|Eric Clapton at the Royal Albert Hall - May 2013|
|Camera: Canon PowerShot S95 | Date: 17-05-2013 21:55 | Resolution: 2498 x 1405 | ISO: 800 | Exp. bias: 0 EV | Exp. Time: 1/50s | Aperture: 4.9 | Focal Length: 22.5mm | Lens: Canon EF-S 10-22mm f/3.5-4.5 USM|
We live, as some of you might have noticed, in a digital age. The displacement of older technologies by digital versions has been accompanied and largely enabled by rapid, substantial advances in technology. Yet a couple of recent experiences suggest to me that we may be reaching a point in many areas where further hardware change is of less importance than improvements to the supporting software.

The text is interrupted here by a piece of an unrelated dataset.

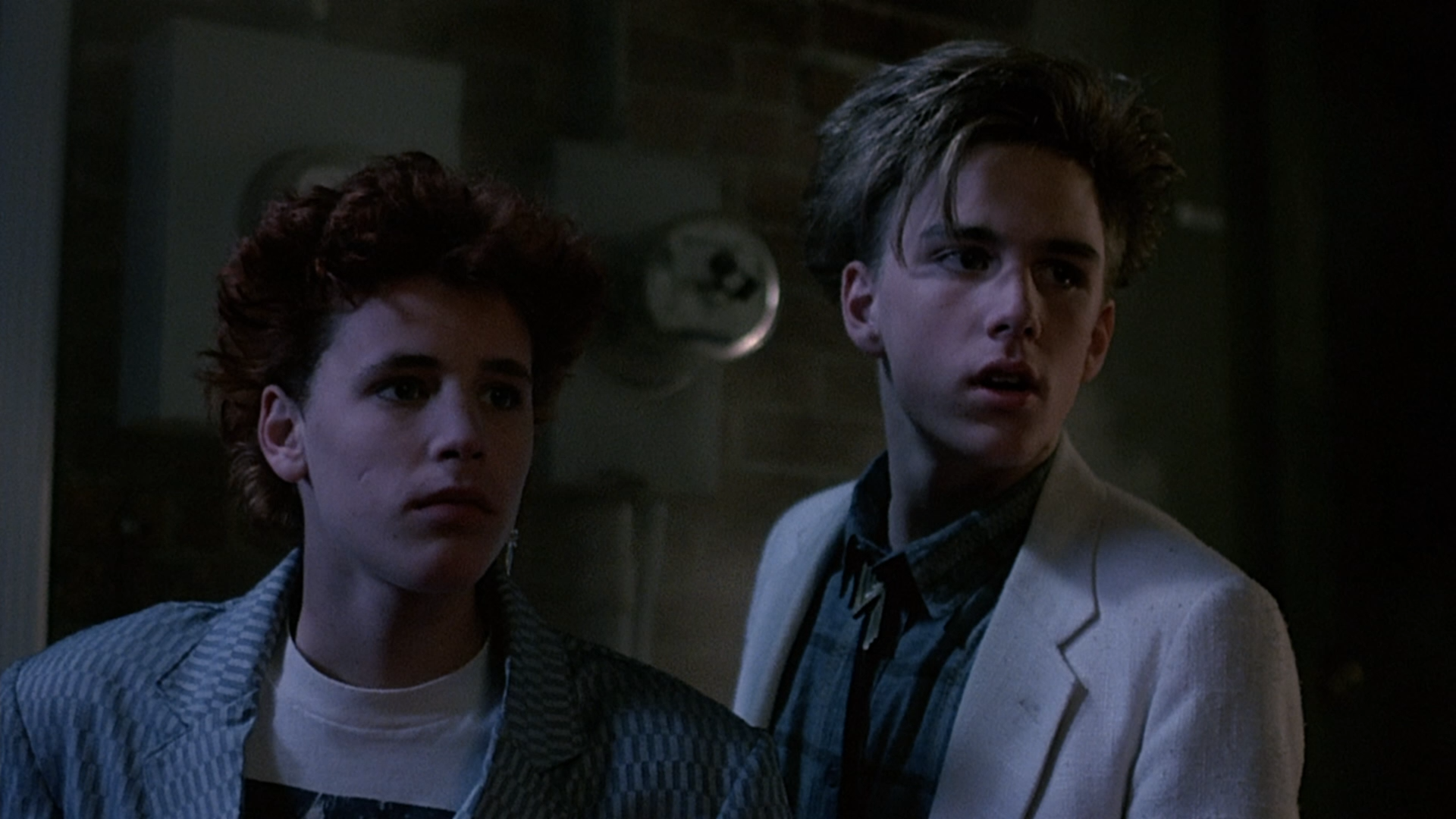 Dream a Little Dream 1989 BDRemux 1080p.mkv_snapshot_01.37.26.png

This has most clearly been brought home to me in respect of cameras. My older, larger, cameras and lenses work by delivering high quality optics coupled with relatively straightforward processing of the captured image from the sensor. The newer, smaller cameras make some dramatic compromises on optical accuracy, and then correct the errors in software. This works surprisingly well, but introduces the challenge that if you want to shoot in RAW format and develop the shots yourself, you need RAW processing software capable of reproducing the same, or better, corrections.
That’s been a problem for me, as the software I was using (the former Bibble, now Aftershot Pro) didn’t have adequate support for my new Panasonic GH2 and its diminutive lenses. Also new owners Corel seem to be determined to kill the software through negligence, which makes the prospect of improvements unlikely. (That’s another story, to follow…)

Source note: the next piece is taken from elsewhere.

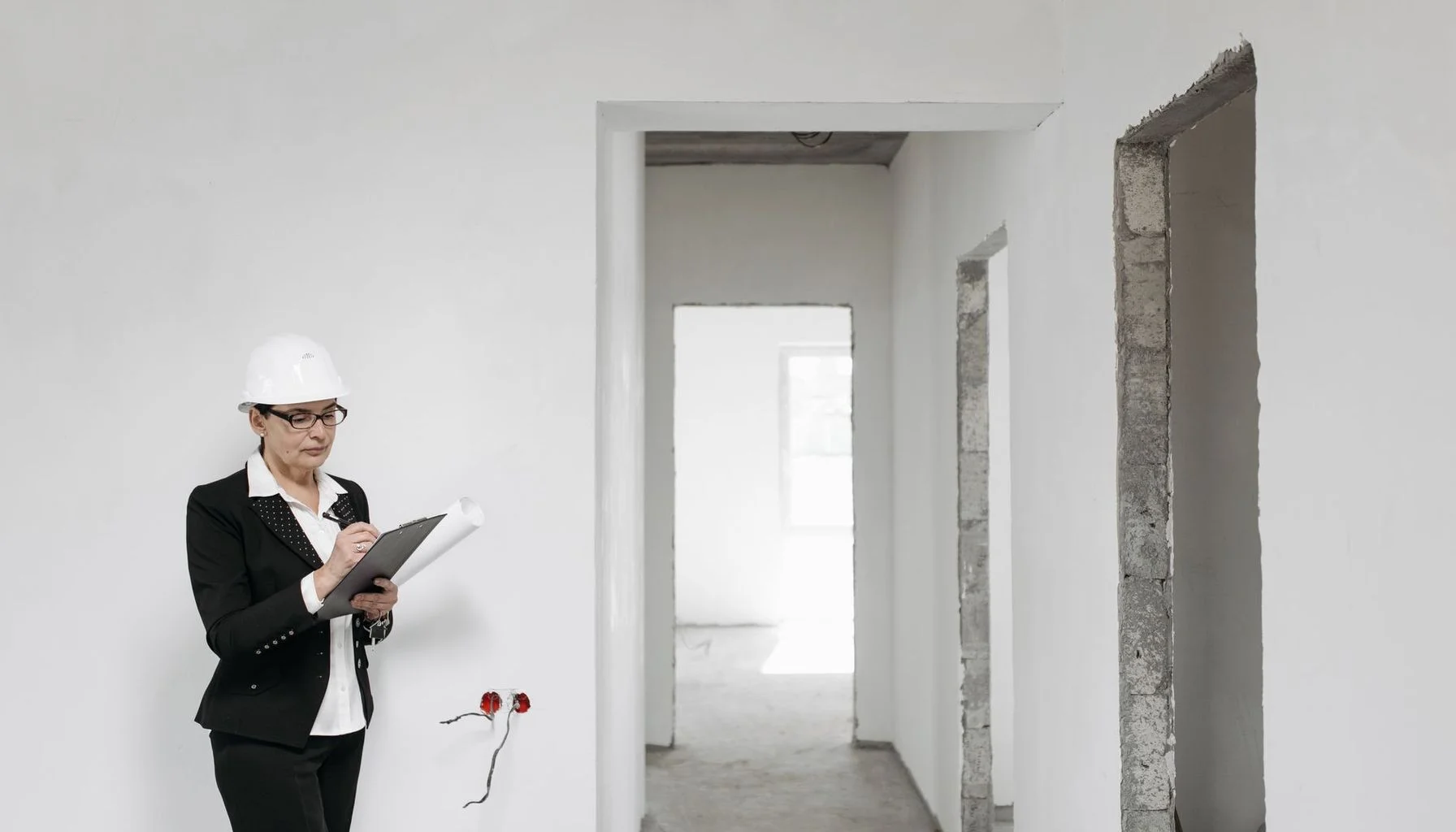 UK bridging mortgage article image for Developers Lose £1m by Not Comparing Bridging Finance Options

This week I got a bit disheartened, fearing that I was becoming “locked out” of both new cameras and fully developing my work with the GH2, and finally bit the bullet. I didn’t buy a new camera, I started evaluating alternative RAW processors. After a couple of false starts I have settled on Capture One from Phase One. The results so far are very promising: it not only corrects the distortions of my Micro Four Thirds lenses, but it delivers silky smooth output from my larger Canons at ISO 3200, and does a remarkable job of highlight recovery. The shot above was taken at ISO 800 from the back of the Royal Albert Hall with my tiny Canon S95. (BTW, Eric Clapton was excellent!)
But the big surprise has been applying Capture One to some of my older images. The following was taken on our 2007 visit to the Southwest USA, using my original Canon 350D. I was never really happy with the Bibble version, which struggled both to recover the blown highlights and to pull some usable shadow detail without excessive noise. The difference using Capture One is dramatic. It’s almost like revisiting the scene with a new camera.
Getting back to the original topic of this post, I’ve also seen the same software-led effect elsewhere. Support for a proper stylus aside, there’s not much in hardware terms between an iPad and my 10″ Galaxy Note, and some might prefer the Apple hardware. However the dramatic differences in software capabilities are a real differentiator. (See my various reports for details.)
I don’t want to belittle the impressive work of digital hardware engineers, and we’ll continue to take the benefits of further advances, but we need to recognise that the efforts of frequently unsung software engineers may be just as, or sometimes even more key to the hardware’s exploitation.